It takes an average of 17 years in the NHS from the point where best practice is defined to it becoming what happens in everyday care. With the dementia challenge we face, it’s a time-frame that has to shorten.
In my view, in the NHS we are good at making the necessary inquiries when something goes wrong but less strong on finding out what lies behind organisations that achieve high-quality care.
Two years ago I became the senior responsible officer for the dementia programme in London in my role as associate medical director for mental health for NHS London.
I came to the role with an unashamed bias for primary care leadership as a result of my own experience of working with GPs in large health centres for 20 years as a psychiatrist.
We had very little money for this dementia programme – £165,000 from the Department of Health’s ‘reducing anti-psychotic intervention programme’, so the focus had to be on galvanising people to focus on common goals and to share good practice.
We have used several means to
⦁ a primary care leadership programme with six dedicated GP leaders
⦁ establishing and building on pan-London multidisciplinary clinical networks
⦁ a committed project manager, Jen Watt
⦁ a London-wide dementia needs assessment
⦁ a London-wide training programme
with a ‘train-the-trainer’ dissemination model
⦁ a London-wide audit of antipsychotics use in people with dementia
⦁ online tools to share best practice and performance data.
Data that speaks
We began by asking what we knew about the state of dementia care in the capital.
A research report had already been carried out by the Alzheimer’s Society which was very useful in getting us started. We then commissioned a dementia needs assessment care pathways profiling report which provided information on:
⦁ the level of dementia need in each borough
⦁ the numbers of people in high-risk groups who could be targeted for early intervention
⦁ the levels of early identification and QOF primary care recognition
⦁ the level of the three core ‘best buys’ in dementia services : memory clinics, psychiatric liaison to A&E and acute trusts, and primary care support to care homes/home-based care
⦁ the level of unnecessary A&E referrals and admissions.
This report showed major variations in levels of need, access to services, quality, spend and QIPP opportunities across boroughs for both health and social care provision. The information was presented CCG by CCG and borough by borough. It was very powerful as a tool to start conversations such as:
⦁ Why are we so different?
⦁ Why do you have so many available home care packages and we have so few?
The information also showed which people in a community were at high risk of developing dementia and what the academic evidence suggested should be the prevalence rate for that area based on demographics.
Clinical networks and training
We looked at existing networks and found London has an amazingly cohesive pharmacist network. We engaged with the chief pharmacists in the 27 acute trusts, 31 PCTs and 10 mental health trusts to carry out CCG audits, develop medicines management strategies and advise on how best to support GP colleagues.
We put in place a second network of clinical directors of older adult services in mental health trusts.
Jen Watt, our dementia project manager, was able to get some money (£45,000) from the continuing professional development fund to establish a ‘train the trainer’ training model.
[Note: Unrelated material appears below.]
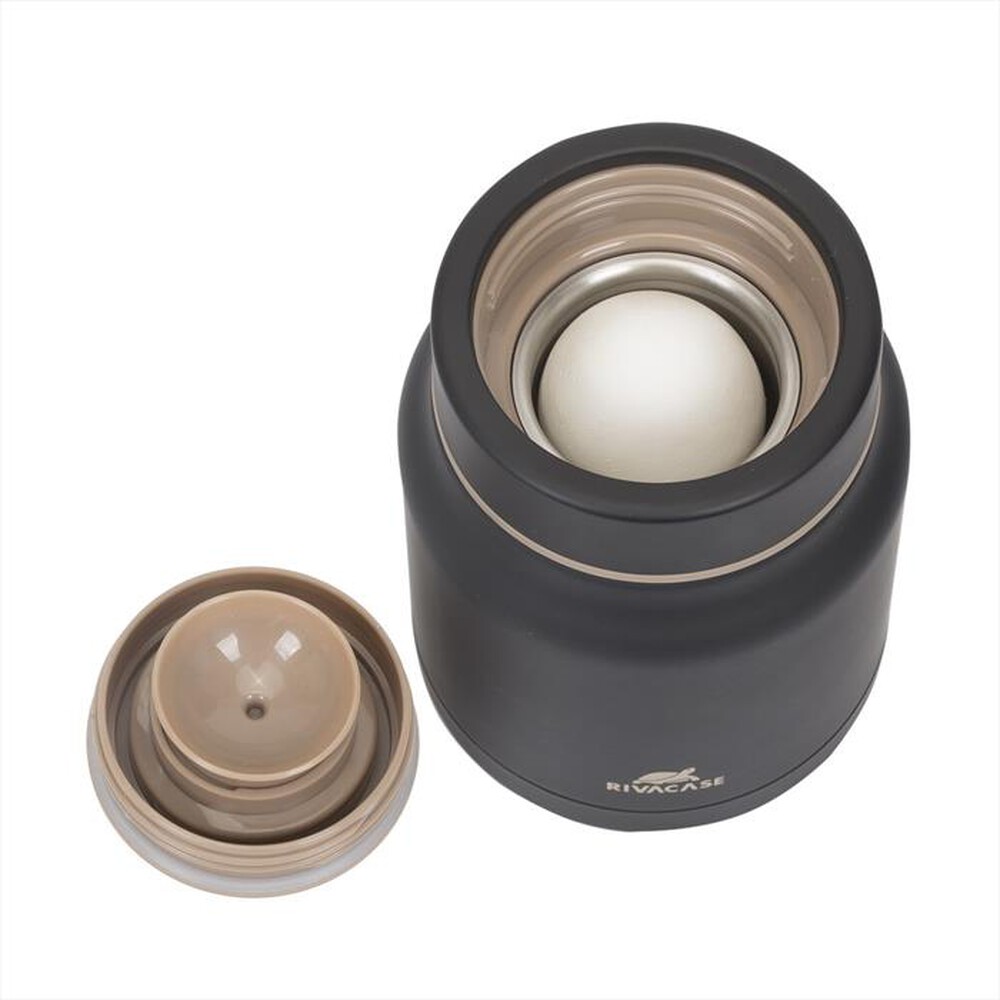 "RIVACASE - 90331BK THERMOS PER ALIMENTI DA 0,5 L-Nero"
Each acute trust has put forward four senior staff members who have undergone training that is now carried out in 10-30 minutes on wards with the modules covering:
⦁ awareness of dementia prevalence
⦁ recognising a patient with dementia
⦁ adjustments to make if working with someone with dementia
⦁ most common reasons people present or get admitted to A&E such as infections and respiratory conditions.
For primary care we decided to have a GP dementia leader from each of the six commissioning clusters in London. (see box, page 20).
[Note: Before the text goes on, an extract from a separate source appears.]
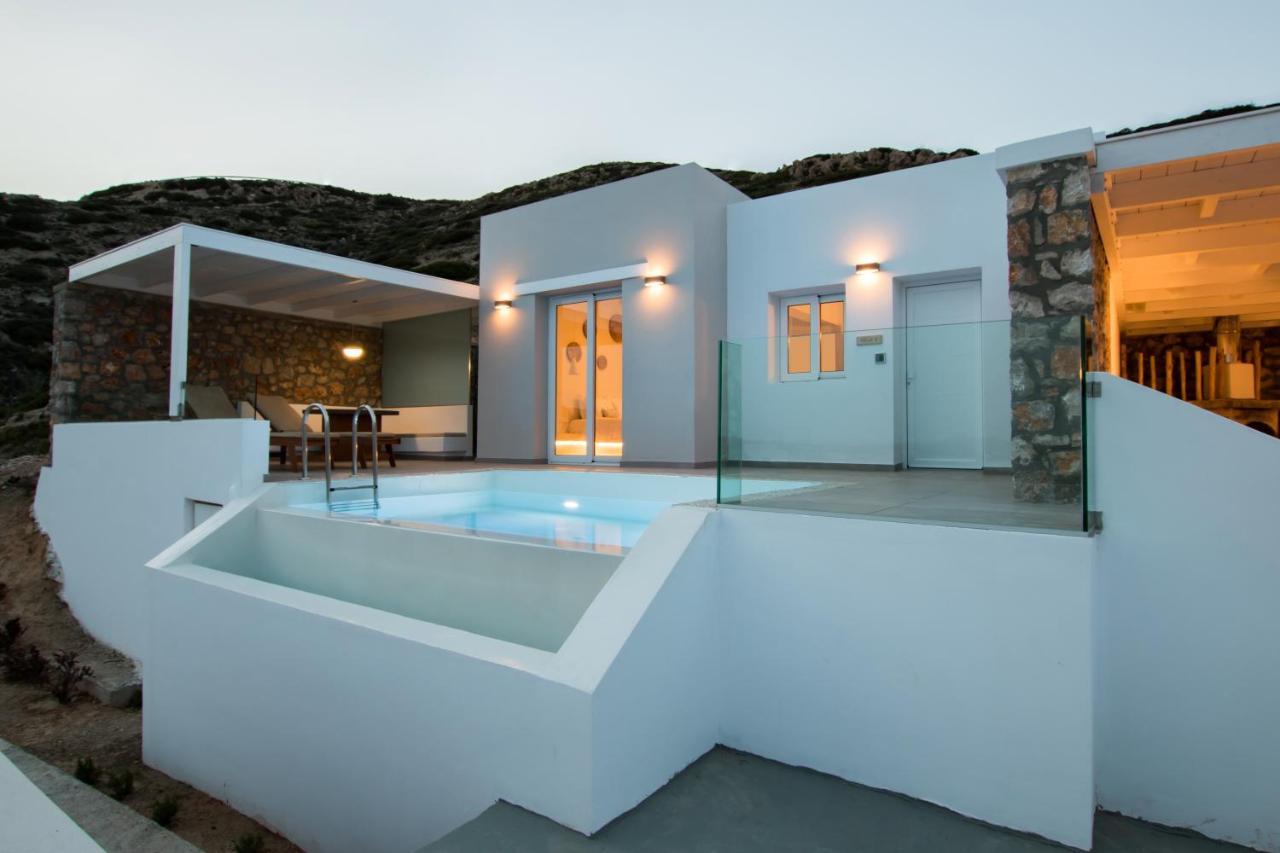 Theros Luxury Villas Damatria Buitenkant foto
We created a website myhealth.london.nhs.uk of all the training materials, along with examples of best practice.
Some areas of London have excellent LESs where GPs provide proactive care working with pharmacists, geriatricians and psychiatrists from the mental health trusts to provide regular ‘care home ward rounds’, review the prescribing of medications, review care plans and train and supervise care home staff. This proactive systematic care has made a significant difference in the rates of patients who are being sent to A&E and admitted to the acute trust.
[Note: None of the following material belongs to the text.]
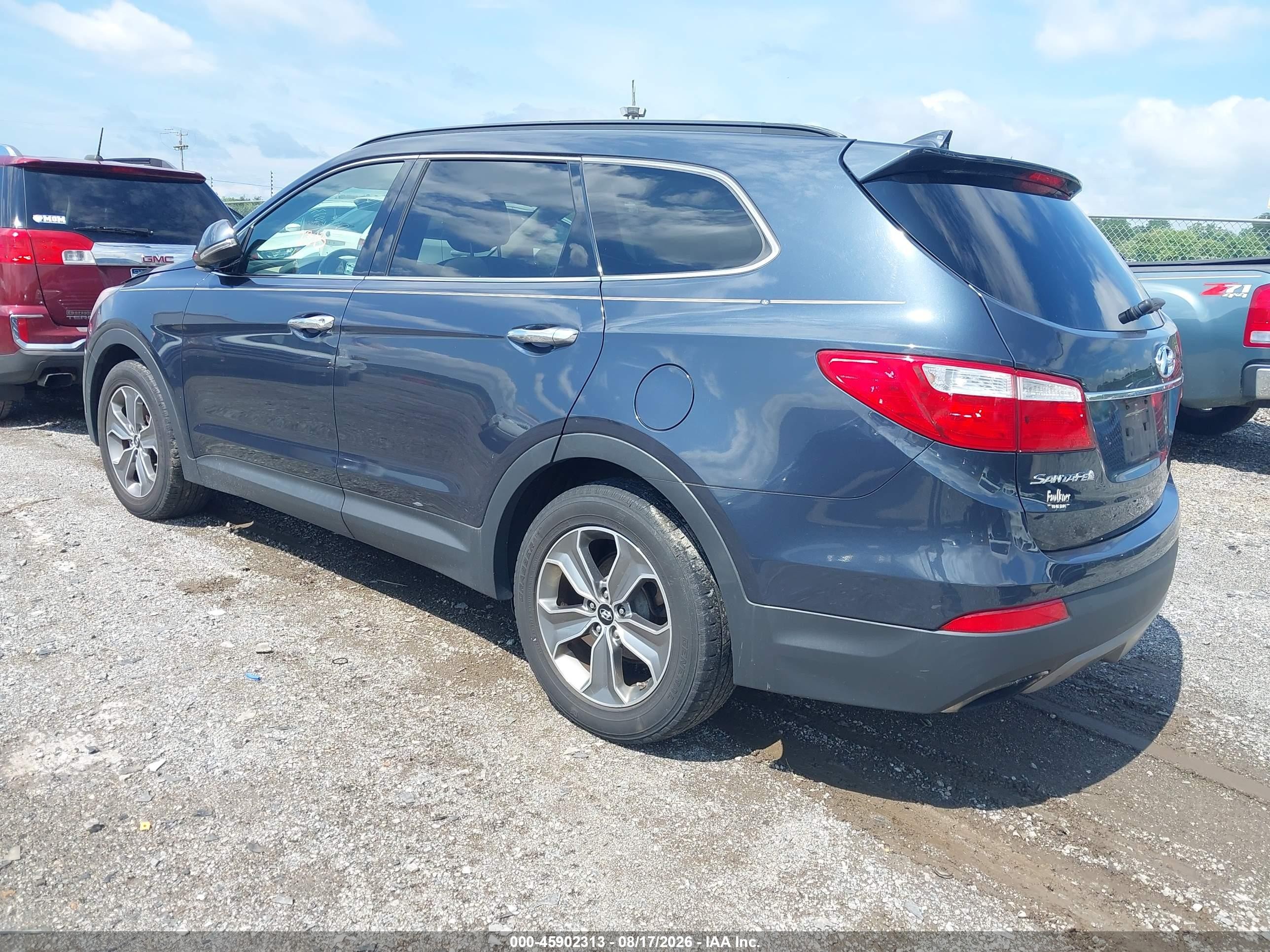 2013 Hyundai Santa Fe Gls Blue vin: KM8SNDHF9DU031624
The website also shows the standards of care in every London GP practice for 28 key clinical standards in London. This programme was spearheaded by key London GP leaders Dr Howard Freeman and Dr Michelle Drage.
The commitment of London GPs to this level of transparency is very impressive and other sectors are now committed to following this example.
It also has a feedback function about care homes to help inform families’ choices when they can no longer care for the person with dementia themselves.
As with the rest of the country, there is a big gap between the expected prevalence of dementia calculated by public health and the identification rate on GP registers and our GP dementia leads have looked at this (see box on page 20).
There are so many Read codes and it can be difficult to translate an ICD code into a GP Read code. But without this, the
patient doesn’t show up on the dementia register.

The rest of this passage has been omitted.